Not surprisingly, many states are freezing or even cutting their funding for some of the greatest assets of the American education system — our public land grant universities.
All across the country, state universities are being forced to raise tuitions, cut faculty positions or rely on part-timers, and curtail courses of study and research programs. While these cutbacks may help to balance budgets in the short-term, the nation will pay dearly for years to come as our workers’ skills, our scientific know-how, and our progress on urgent priorities, from food safety to childhood obesity and renewable energy all will be sacrificed for the sake of avoiding tough choices here and now.
Public land grant universities serve at least five essential functions: educating a cross-section of young Americans; conducting essential research in science and technological; engaging in “extension” (or outreach) efforts to the agriculture and food industries; and addressing urgent issues, such as improving children’s nutrition and controlling climate change.
With their core mission of education, the land grant universities’ contribution is unequaled. The top 10 public universities alone teach more than 350,000 undergraduate students — more than six times the total enrollments of the Ivy League institutions. Moreover, public universities are much more affordable and accessible for students from middle class and low income families — the great majority of the population.
When it comes to cutting-edge scientific and technological research, state universities are second to none. Some of this research is focused on the land grants’ founding purpose of promoting agricultural know-how in the widest sense: finding new, better, and more sustainable ways to produce and use food, fuel and other necessities.
Far from being ivory towers, the land grant universities are dedicated to sharing this knowledge with all who need it. Through the U.S. Department of Agriculture’s extension programs, the land grant universities disseminate state-of-the-art scientific and technological advances to the nation’s farmers, the food industry, the restaurant industry, nutritionists, educators, and others who can make good use of this know-how.

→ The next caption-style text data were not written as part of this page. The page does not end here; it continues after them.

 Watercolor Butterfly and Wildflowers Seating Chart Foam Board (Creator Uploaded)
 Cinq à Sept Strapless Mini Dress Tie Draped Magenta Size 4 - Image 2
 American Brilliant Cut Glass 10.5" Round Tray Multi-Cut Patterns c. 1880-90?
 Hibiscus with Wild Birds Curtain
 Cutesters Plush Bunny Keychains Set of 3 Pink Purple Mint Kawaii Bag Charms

The creation of new knowledge and new understanding through research is at the very soul of our land-grant universities. The day we abandon the search for new knowledge is the day we cease to be effective universities.

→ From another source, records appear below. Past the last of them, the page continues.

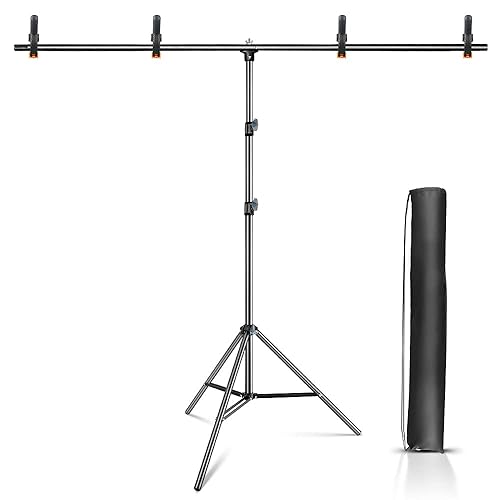 HEMMOTOP Portable T Shape Backdrop Stand 7x5 ft, Adjustable Green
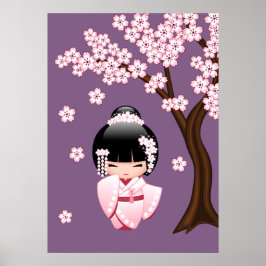 Póster Muñeca Kokeshi kimono blanca - Chica Geisha lindo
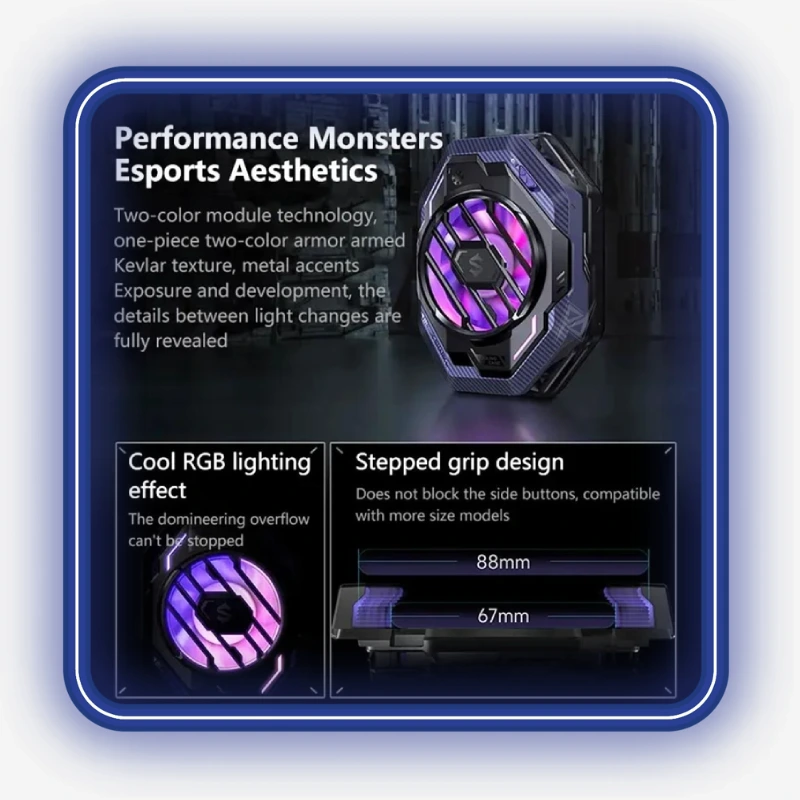 نمایش نورپردازی RGB و طراحی گیمینگ BlackShark FunCooler 3 Pro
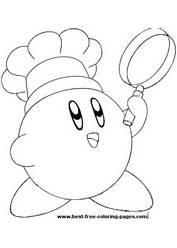 Kirby Coloring Pages on Chef Kirby Coloring Page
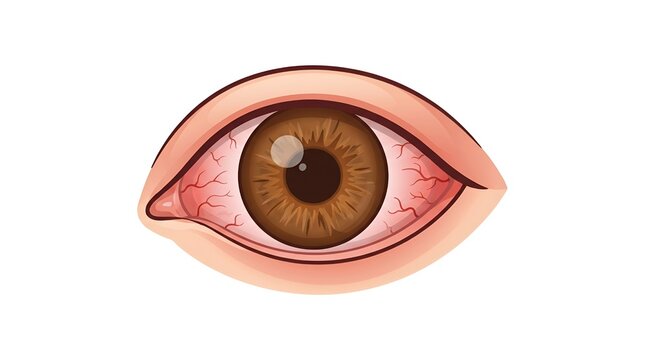 Medical illustration of a bloodshot and irritated human eye
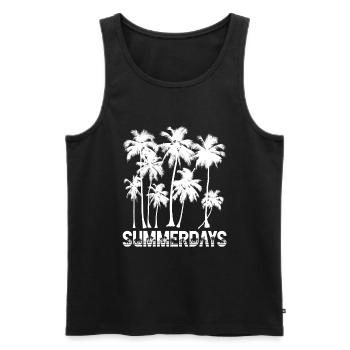 Summerdays with Palm Trees Summertime Sea Beach - Männer Premium Bio Tank Top - Schwarz - Vorne - AI Model Male 178 light (178cm)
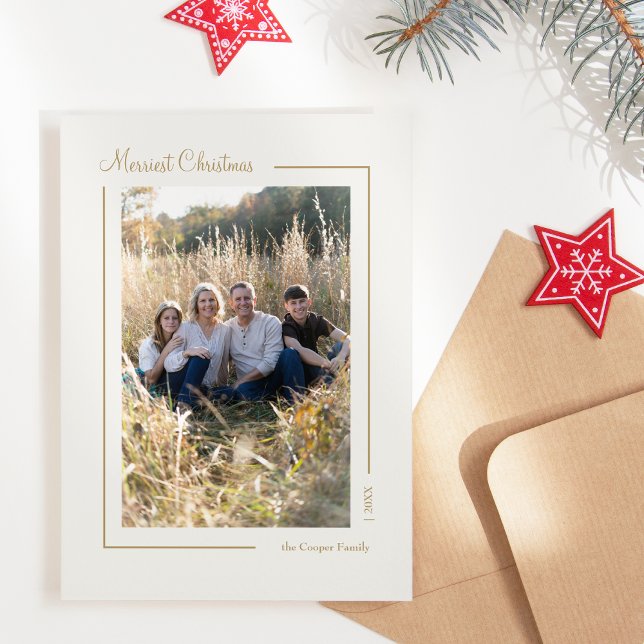 Cream Gold Elegant Minimalist Christmas Portrait Holiday Card (Creator Uploaded)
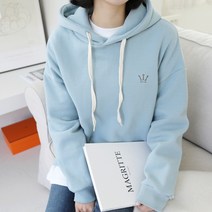빼빼 여성용 양기모 옆트임 왕관자수 후드티셔츠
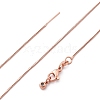 1mm Rack Plating Brass Box Chain Adjustable Slider Necklaces for Women Men MAK-L044-01RG-4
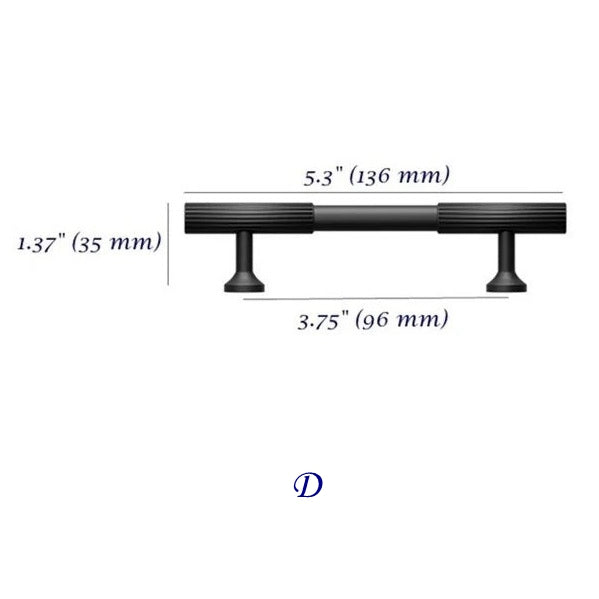 3.75 inch Kitchen Cabinet Hardware Black Knurled Pull 96 mm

On many of the nation’s most pressing challenges, the land grant universities are on the frontiers of discovering, developing, and disseminating important ideas. New ways to combat childhood obesity, to develop renewable fuels, and to reduce and respond to climate change are being devised by the land grant universities and shared by the extension programs.
But the USDA’s research and education program receives only about $1 billion a year, a small share of total federal funding for research and development. Meanwhile, in their states, the land grant universities are on the budgetary chopping blocks.
It’s time that the president and Congress provided the necessary resources through the annual appropriations process for the universities that are teaching the students and conducting the research to replenish the nation’s skills and know-how. Shortchanging the land grant universities gives America’s future short shrift. Every federal dollar dedicated to land grant universities represents a tremendous return on investment because of our commitment to fully link research and teaching and extension with the great expectations of our citizens.